The low value of the British pound means more incoming EU, CN and US tourism. Our digital research shows us that searches for inbound flight and hotel bookings has increased by 500% since the referendum vote and subsequent fall in the £.
July saw the highest ever month for inbound tourism and the tourist £ spent in the UK reached £2.5bn – a 4% increase on last year according to Visit Britain.
Retail nationwide has increased by 1.4% since July 2016 and “UK will have 3.6% increase in tourism, 0.5% more than the world average of 3.1%” predicted by World Travel and Tourism Council (WTTC)
Investment demand in UK property is on the increase with David Adams, the head of John Taylor’s real-estate office in London, stating that he had made verbal agreements on £50 million ($68 million) in sales in the three days following the vote—more than the total since the beginning of the year.

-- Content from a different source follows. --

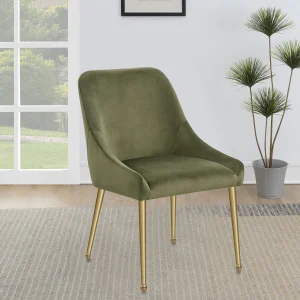 Mayette Upholstered Dining Side Chair Olive (Set of 2)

Plus, within the city, external investment is on the increase as global equity and investment firms invest in UK business in an advantageous exchange market.
Economists for Brexit have stipulated that Brexit will be good for the economy as we can create independent tariffs which will make the U.K. more competitive outside the EU. This is something that we definitely should be taking advantage of.
However, not everybody is convinced. Tourism interest may be marred by a negative perception of the UK – particularly as the post-vote ‘legitimisation’ of race crime seems not to be abating.
Inbound property investment is likely to be in the buy-to-let market thus further inflating rents whilst stifling resident’s chances of getting on to the property ladder. See analysis in NewStatesman.
And will foreign trade advantages from global conglomerates be sustainable when regulatory policy changes as we extract ourselves from the EU? Nobody as yet knows…
Essentially Brexit dwarfs other concerns because of its size, speed and unpredictability. However many economists have predicted a 3% chance of getting into a recession, the lowest in the developing world.
So, whilst we have yet to fully understand the future impact of Brexit and the long-term consequences of it, the outlook is overall sentiment of the market is that it is going to be a big blow, but we will take it.